例えば、「購入完了(purchase)」イベントが一定数以上記録されている必要があります。
予測指標を活用することで、離反リスクの高いユーザーへの早期アプローチ、購入意欲の高いユーザーへの広告配信、予測収益に基づいた予算配分などが可能になり、顧客エンゲージメントの向上やROIの最大化に貢献します。
特徴4:Webとアプリを統合した分析

近年、Webサイトとモバイルアプリを横断するユーザー行動や、複数の端末を通して「イベント」を行うことが普通になってきています。
GA4では、1つのプロパティ内で、Webサイトとアプリ(iOS・Android)を横断してユーザー行動を計測可能になり、クロスデバイス・クロスチャネルの行動が把握しやすくなります。
ユーザーIDによる統合的なユーザー理解
GA4では、「User-ID」や「Googleシグナル」などの機能を組み合わせることで、デバイスやプラットフォームをまたいだユーザーの行動を1人のユーザーとして認識することが可能になります。(※User-IDの実装はサイト側での設定が必要、Googleシグナルはログイン+同意ユーザーのみ対象)
例えば、「Webサイトで商品を検討したあと、スマホアプリから購入する」といった行動も、同一のユーザージャーニーとして可視化されます。

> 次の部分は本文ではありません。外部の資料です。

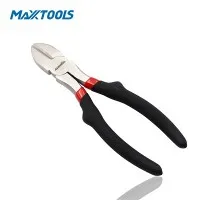 Útstæð axlir ská skurðartang Vinylgrip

このように、GA4の統合分析によって「ユーザーがどのチャネルで最初に接触し、どの経路でコンバージョンに至ったのか」を把握できるため、チャネル横断でのマーケティング最適化やユーザー体験向上に役立てることができます。
特徴5:BigQueryとの連携で広がるデータ活用
GA4では、Google CloudのBigQueryと無料で連携可能。標準レポートでは見えない深い分析が行えます。
BigQuery連携で可能になること
- 詳細なクエリ分析セグメント別CV率など
- 外部データとの統合CRM(顧客管理)・広告・オフラインデータなど
- 機械学習モデルの構築パーソナライズ施策・LTV予測・クラスタリングなど
- データ可視化ツールの活用Looker Studio(旧Google データポータル)、Tableau など
このBigQuery連携は、BigQueryとの連携により、GA4の持つ分析データを最大限に活用する基盤が整います。より深い顧客理解と、データに基づいた戦略立案に不可欠な機能と言えるでしょう。
GA4移行の背景と目的
GA4への移行は、単なるツールのバージョンアップに留まらず、現代のデジタルマーケティング環境の変化と将来を見据えた、Googleからの抜本的な提案と言えるでしょう。

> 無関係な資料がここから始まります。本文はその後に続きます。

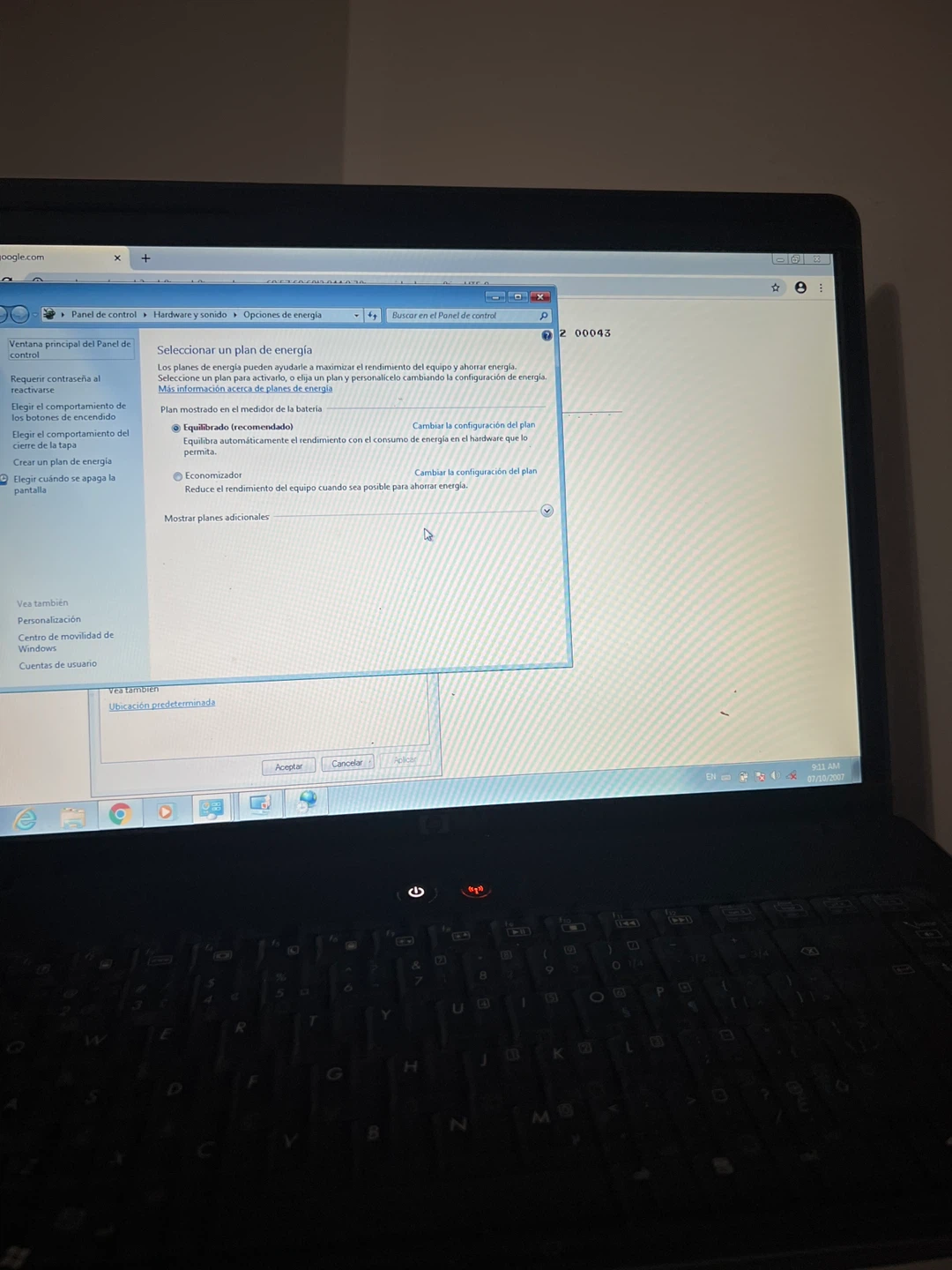 HP G50 Laptop - photo 4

UAが抱えていた課題を解決し、より高度なデータ分析を可能にするために、GA4は生まれました。
Cookie規制とデータプライバシーへの対応
近年のデータプライバシー規制により、UAが依存していたサードパーティCookieでは対応が困難となり、GA4ではプライバシー保護を前提に設計されています。

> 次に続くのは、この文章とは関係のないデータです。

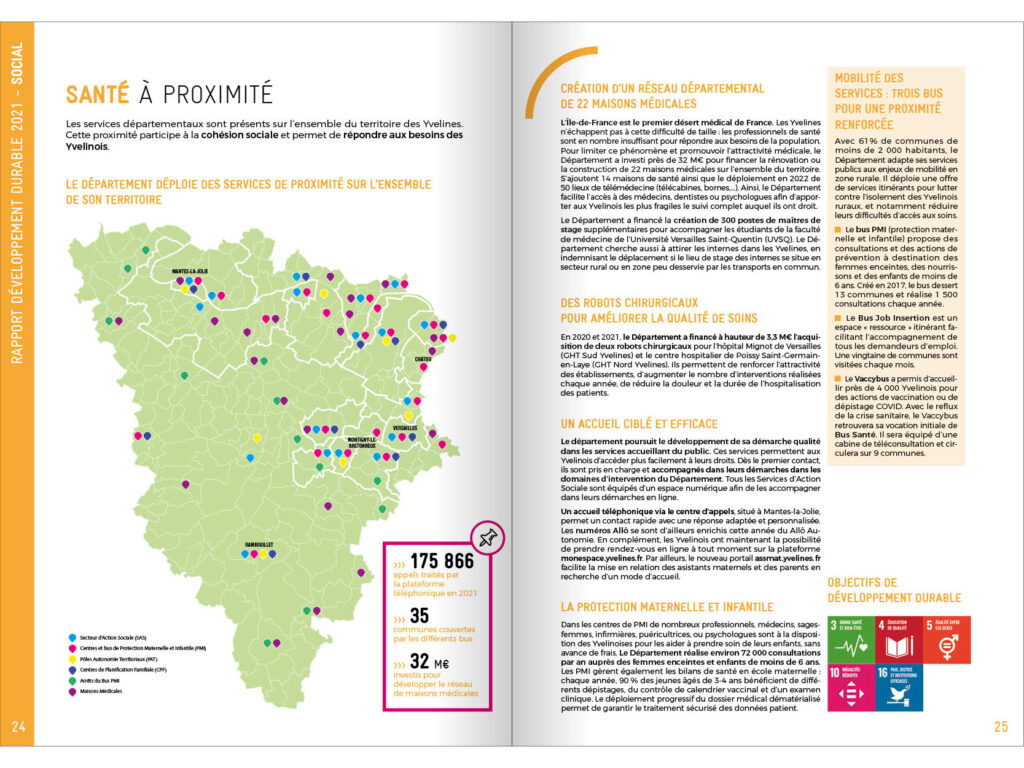 Chapitre + carte rapport DD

ファーストパーティCookieと同意モードを活用しつつ、機械学習による補完で、ユーザーの同意を尊重しながら必要なインサイトを得られるようになったことが、移行の背景と目的です。
進化するユーザー行動への適応
GA4では、Webサイトとアプリのデータを統合し、「イベント」ベースでユーザーを中心に分析できるように設計されました。
これにより、デバイスやチャネルを横断した顧客行動の全体像を正確に把握し、パーソナライズされた施策の実行が可能となりました。
機械学習技術の進化
GA4ではこの技術を分析の中核に据え、購入や離脱の可能性などを示す「予測指標」によって、より先回りしたマーケティング施策が可能になりました。
さらに、プライバシー規制により取得できなかったデータも、機械学習により補完(モデリング)されるため、制限のある環境下でも信頼性の高いインサイトを導き出せるようになっています。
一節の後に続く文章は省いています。